Market Predictions: How Valentine’s Day Affects the Economy
By Caelan Webster, Finance, The Pawprint
On February 14 of every year, Valentine’s Day is celebrated around the world. Heralded as a day to connect with others, many will purchase gifts for those they care for. With this influx of consumer purchases, it’s no wonder that the economy, and stock market’s as a whole, experience a substantial boost. But how large is the impact of Valentine’s Day? What are the statistics? And what can we expect this year?
Valentine’s Day is the fifth largest consumer spending event in the United States, right after the winter holidays and Mother’s day. Last year, consumers spent US $22.7 billion dollars on Valentine’s Day, and that number is expected to rise even more this year. On average, a single American spends around $175 dollars on Valentine’s day. Seeing that consumer spending makes up 70% of America’s total financial output, this massive amount of spending has a large impact on the economy. This year, analysts predict that U.S. citizens will spend anywhere from $23-25 billion dollars, an amount that could cause a large jump for both the economy and stock market.
But how are Americans spending this money? Nationwide surveys give the statistics. 31% plan to spend most of their money on an “evening out” for Valentine’s day, 22% plan to purchase jewelry, 20% plan to buy clothing or gift cards, 40% will buy greeting cards, and a whopping 55% will purchase candy. With these being the main commodities, expect companies like Tiffany and Co. and Hallmark to have the largest stock increases.
Oil also does well during Valentine’s day – people commute to loved ones and family, refilling on gas along the way. Air travel also increases, with most flights being fully booked during the days leading up to February 14. As such, large oil indexes like OPEC Bucket and Murban Crude have risen 3.04% and 2.45% respectively at the time of writing.
The increase in consumer purchasing leads to large jumps in specific sectors of the market. But there’s an issue – overall, the market doesn’t see much of an increase during Valentine’s. Seeing that most workers get time off for the holiday, and people are less likely to purchase items like tech or automotives, the overall market stagnates.
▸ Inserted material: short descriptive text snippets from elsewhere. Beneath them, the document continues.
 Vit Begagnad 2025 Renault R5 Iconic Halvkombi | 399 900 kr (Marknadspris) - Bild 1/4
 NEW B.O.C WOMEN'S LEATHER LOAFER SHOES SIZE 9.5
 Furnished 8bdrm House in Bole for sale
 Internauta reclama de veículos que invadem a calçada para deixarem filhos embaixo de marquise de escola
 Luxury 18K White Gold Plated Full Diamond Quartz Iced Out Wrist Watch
Companies like Tesla, Microsoft, and other blue chip companies experience small dips, leading to the overall market having an average decrease of 0.003%.
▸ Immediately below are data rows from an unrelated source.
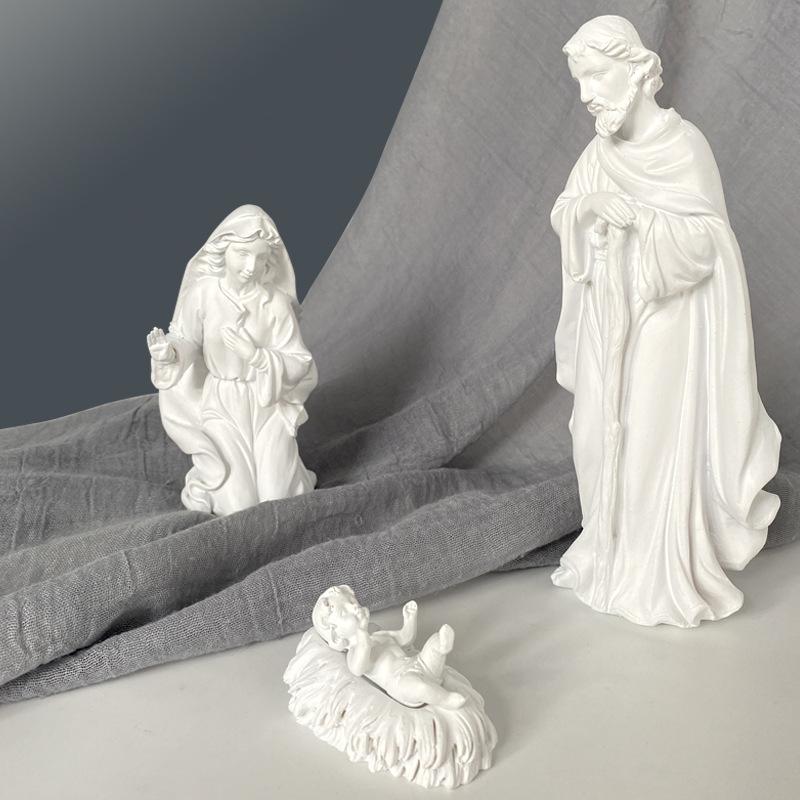 Resin Handicrafts Simulated Human Figure Sculpture Family of Three Christmas Birth of Jesus Decorative Figurines Home Decoration
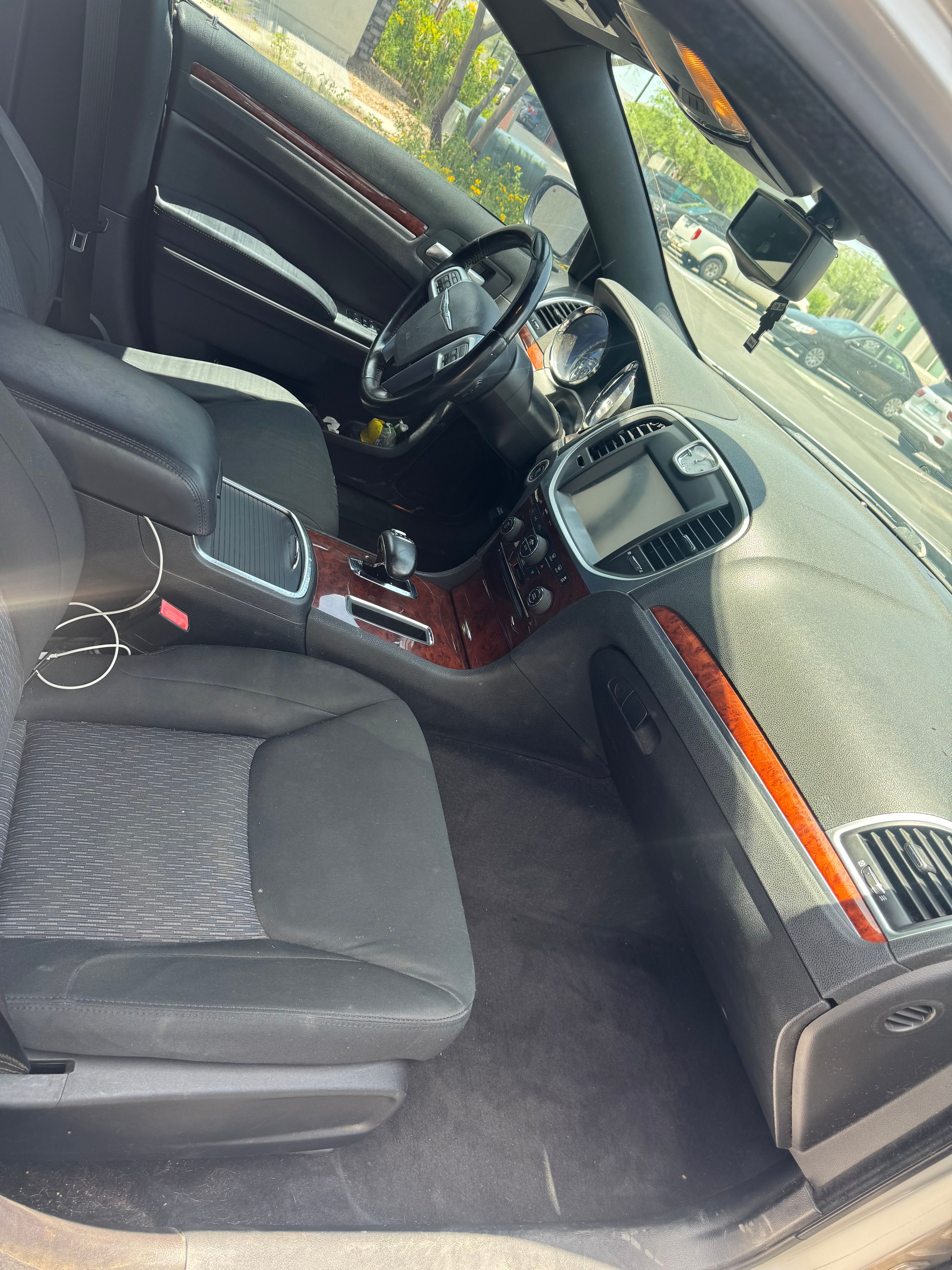 Used 2012 Chrysler 300 RWD image 9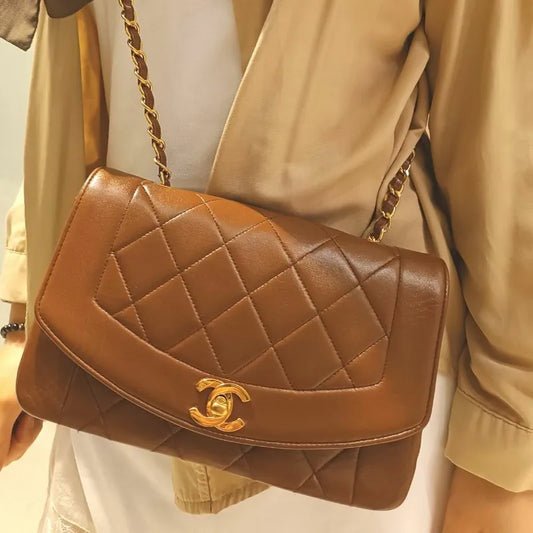 jt156-chanel-vintage-brown-lambskin-22cm-diana-flap-bag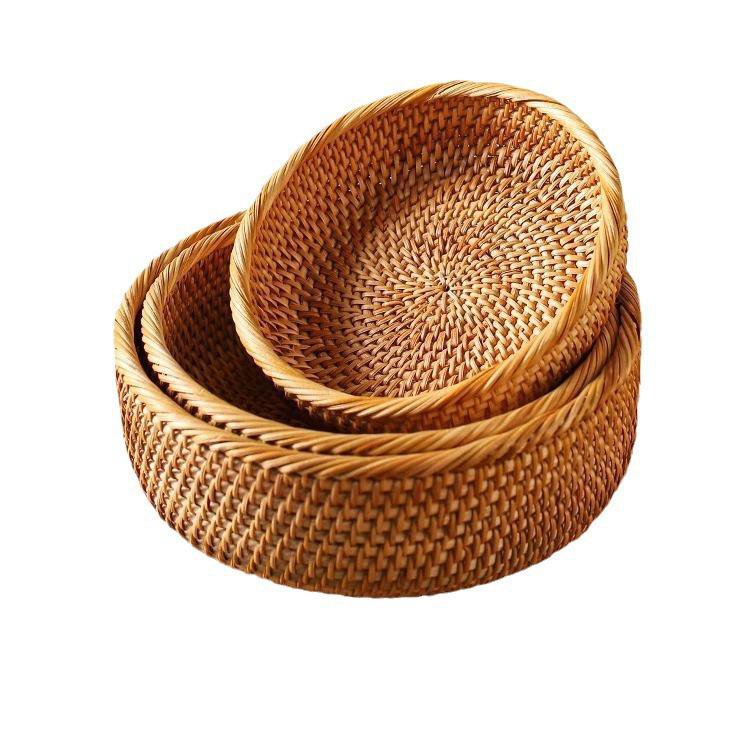 가을 담쟁이덩굴로 엮은 과일 바구니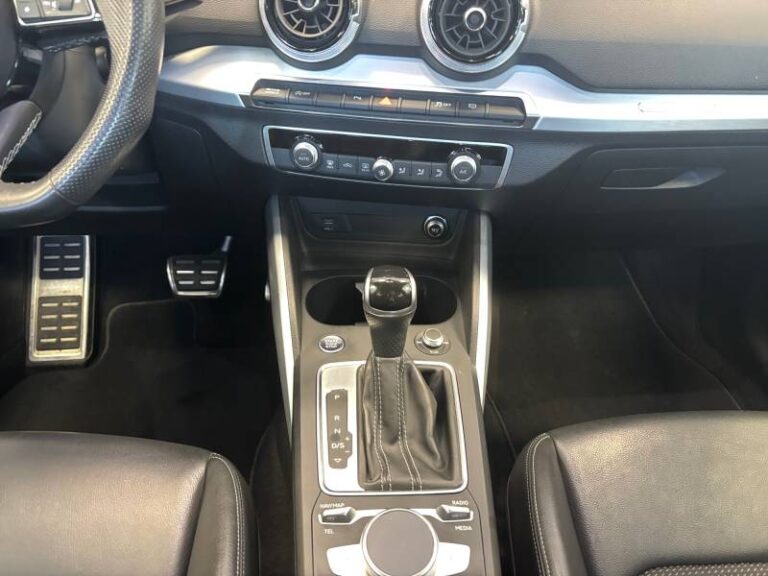 Audi Q2 35 TFSI 150 S tronic 7 S line Plus - Image 12 (July 7, 2026)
In conclusion, Valentine’s day usually leads to a boost for the American economy, a fact that we can expect to pull through this year as well. Furthermore, the aforementioned sectors of the market usually see large boosts during this time, and could be a smart investment. Oil prices will also spike during this time. However, major indexes flatline, as market volatility and consumer spending patterns lead to decreases in other major sectors of the economy. Overall, investors should focus their attention on more specific companies, and not expect a large jump in most major indexes.